(Scraped caption text data)
......
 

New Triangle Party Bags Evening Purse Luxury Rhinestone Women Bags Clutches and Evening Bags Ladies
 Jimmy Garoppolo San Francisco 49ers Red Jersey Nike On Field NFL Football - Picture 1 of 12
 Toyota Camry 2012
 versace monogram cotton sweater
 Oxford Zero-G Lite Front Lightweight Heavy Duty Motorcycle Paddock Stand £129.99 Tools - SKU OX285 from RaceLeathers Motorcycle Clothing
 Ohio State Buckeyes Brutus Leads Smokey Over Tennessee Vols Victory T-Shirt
......
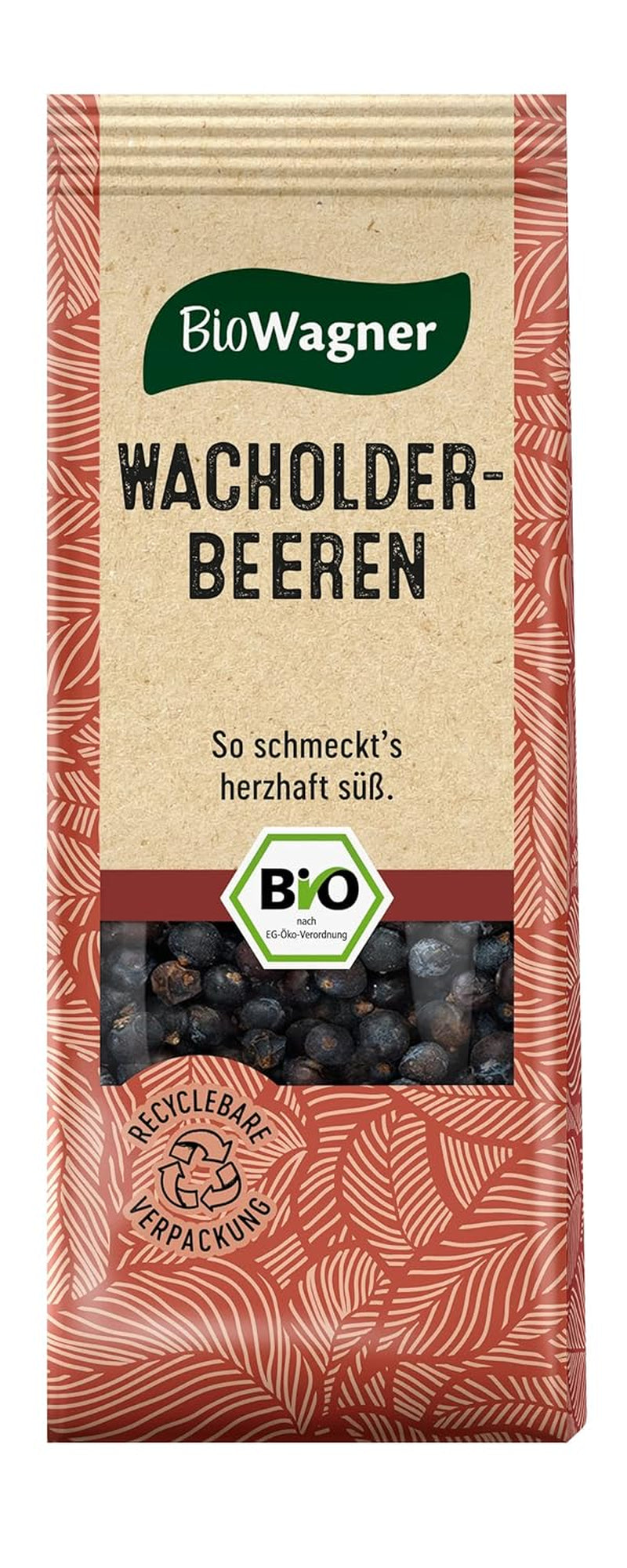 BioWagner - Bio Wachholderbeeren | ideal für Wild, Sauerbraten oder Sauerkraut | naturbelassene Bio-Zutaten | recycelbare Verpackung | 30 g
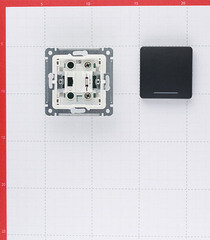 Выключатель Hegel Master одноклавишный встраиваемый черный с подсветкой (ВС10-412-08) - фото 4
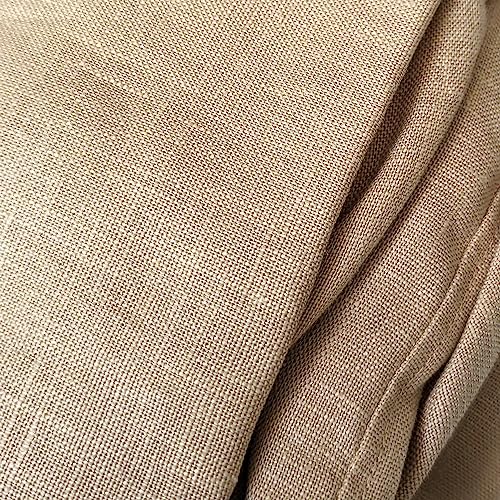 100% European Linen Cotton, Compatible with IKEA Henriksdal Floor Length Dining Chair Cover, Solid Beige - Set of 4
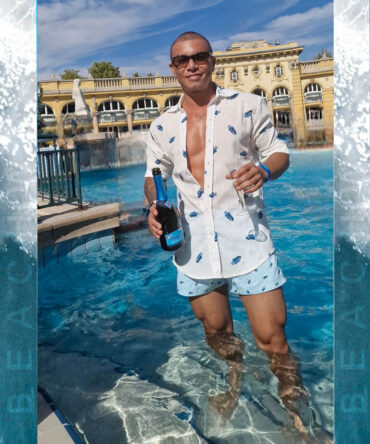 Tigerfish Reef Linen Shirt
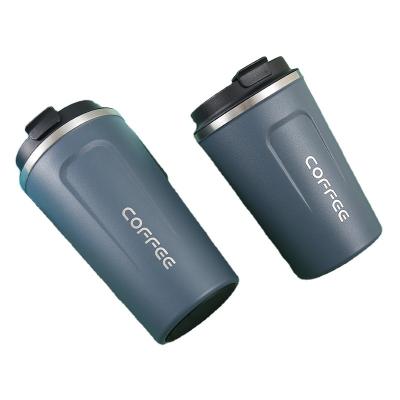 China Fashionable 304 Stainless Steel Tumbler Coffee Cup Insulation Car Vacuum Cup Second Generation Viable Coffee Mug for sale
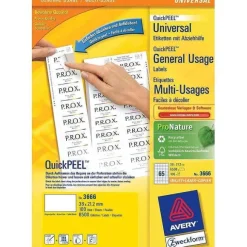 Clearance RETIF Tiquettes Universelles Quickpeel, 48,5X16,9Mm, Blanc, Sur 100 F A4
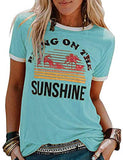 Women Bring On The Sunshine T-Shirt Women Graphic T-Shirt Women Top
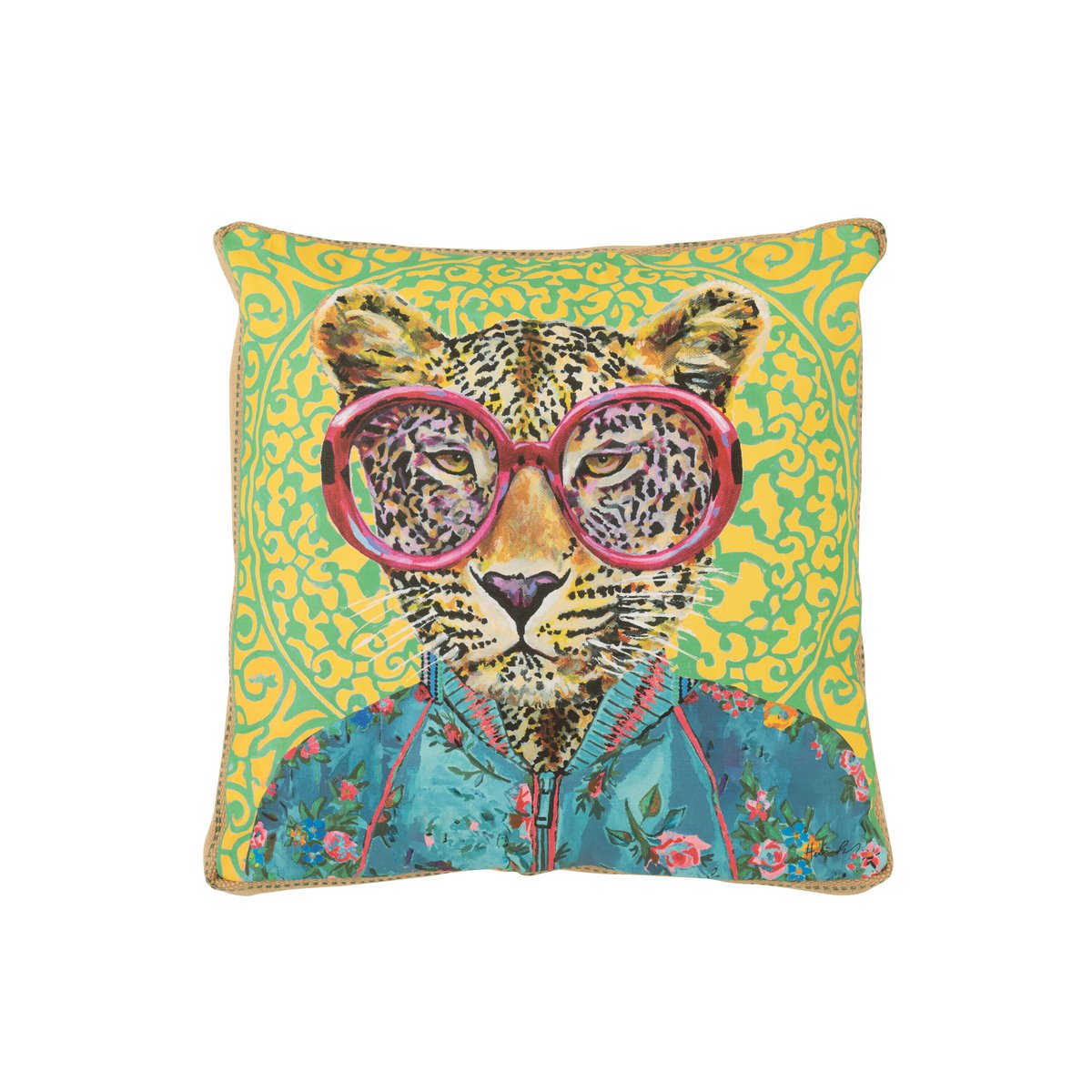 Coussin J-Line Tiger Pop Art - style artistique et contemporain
......
What is expected: Among the records above, extract exactly the lines from the line with "Oxford Zero-G Lite" to the line with "Ohio State Buckeyes", both lines included, and leave out the rest.

Exercise answer:
 Oxford Zero-G Lite Front Lightweight Heavy Duty Motorcycle Paddock Stand £129.99 Tools - SKU OX285 from RaceLeathers Motorcycle Clothing
 Ohio State Buckeyes Brutus Leads Smokey Over Tennessee Vols Victory T-Shirt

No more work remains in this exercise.